Thursday, 25 August 2016

Omniscience?

"...he did not know the future. Nor, he believed, did the gods. (Well, the branching universes are so many, and each so strange, that probably none but the One God can keep track of them.)"
-Poul Anderson, Operation Luna (New York, 2000), p. 283.

There are philosophical problems with the concept of omniscience. Apparently, Godel has proved that omniscience is impossible. I do not know his argument but here is mine:

if everything were known, then nothing would be unknown;
if nothing were unknown, then nothing would be future;
if nothing were future, then everything would be past or present;
if everything were past or present, then, at the next moment, everything would be past;
if everything were past, then everyone would be dead;
if everyone were dead, then nothing would be known;
thus, if everything were known, the nothing would be known;
reductio ad absurdum;
therefore, it is not possible that everything is known.

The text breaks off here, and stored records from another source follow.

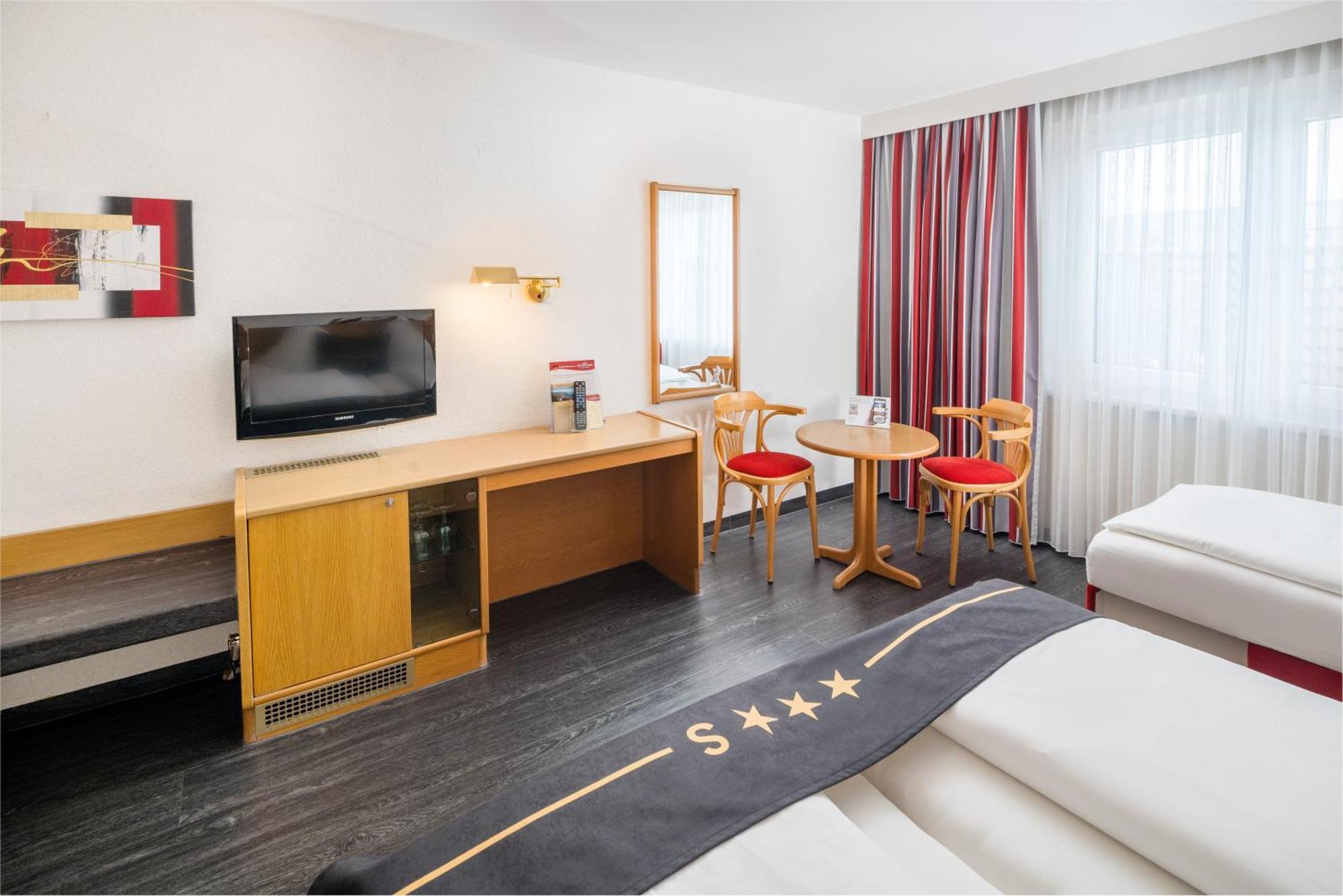 4-Laender-Hotel Deutschmann Bregenz Buitenkant foto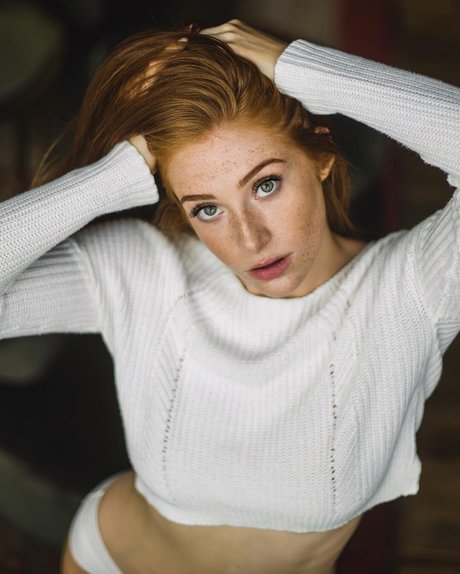 Madeline Ford étoile hd galeries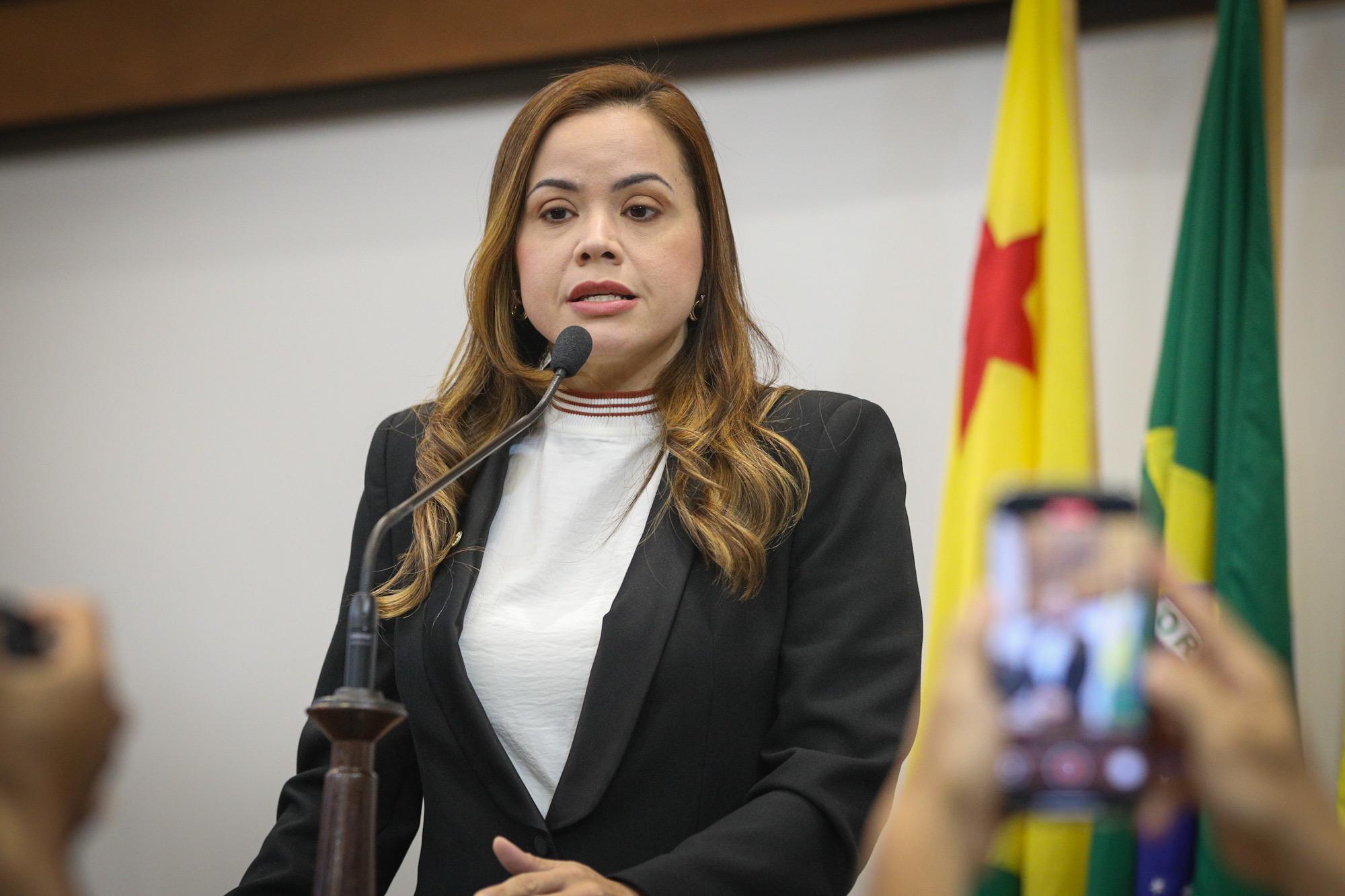 Michelle Melo apresenta projetos voltados à saúde nas escolas e combate à fome com sustentabilidade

(I think that) any consciousness requires a remembered past, an immediate present and an unknown future. Atemporal consciousness - a single instant of durationless sensation without memory or future - would begin and end simultaneously and thus would not exist. Another reductio ad absurdum.

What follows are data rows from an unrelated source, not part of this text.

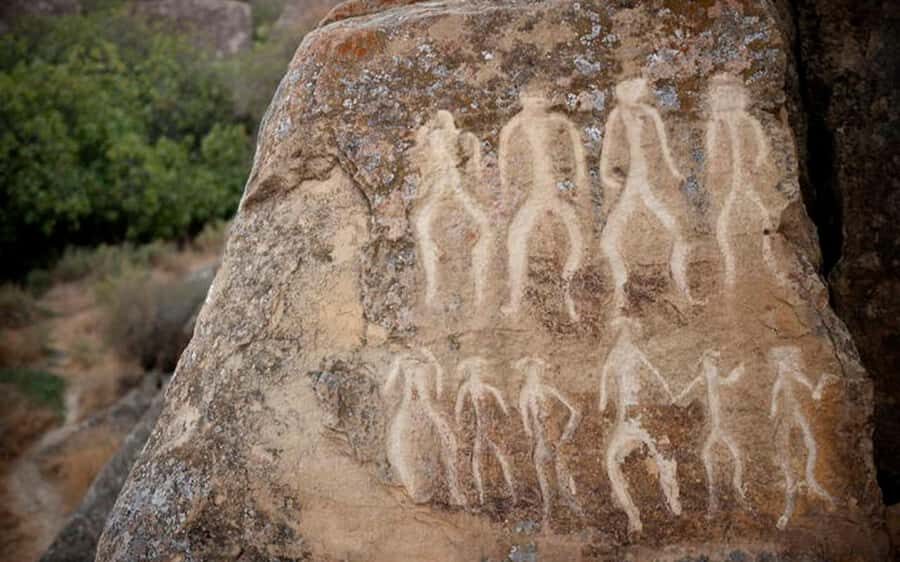 Baku: Gobustan & Absheron Group Tour + Lunch & Tickets inc - A Tight Circuit of Fire, Mud, and Rock Art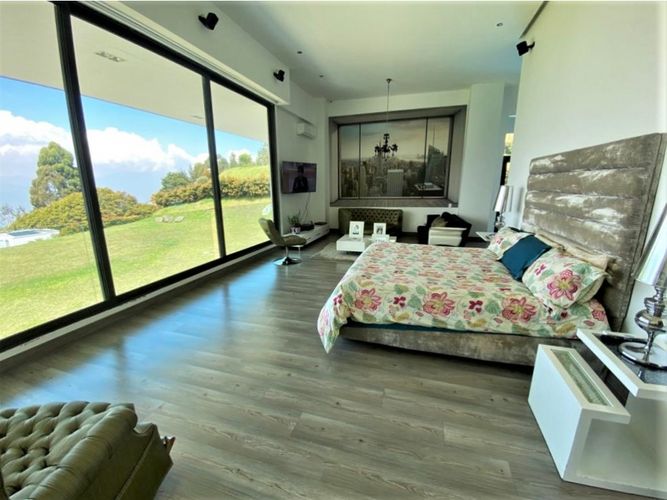 Casa de 4 alcobas en venta en Santa Catalina, Medellín, 700 m² · foto 11 de 16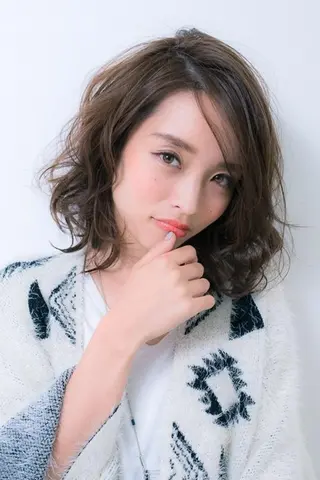 ミディアム カラー パーマ 🌟艶髪カラー 🌟サイトウのヘアスタイル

It may be argued that omniscience is knowledge of everything that exists and that the future does not yet exist. However:

we usually include the future among the things that are unknown to us but that would be known to omniscience;
it is convenient for some purposes to regard all moments as coexistent even though we are conscious of each moment only in that moment;
simultaneity is relative in relativity theory.

Omniscience would have to be neither temporal nor atemporal but transtemporal, incorporating and transcending instead of negating duration, but is that possible?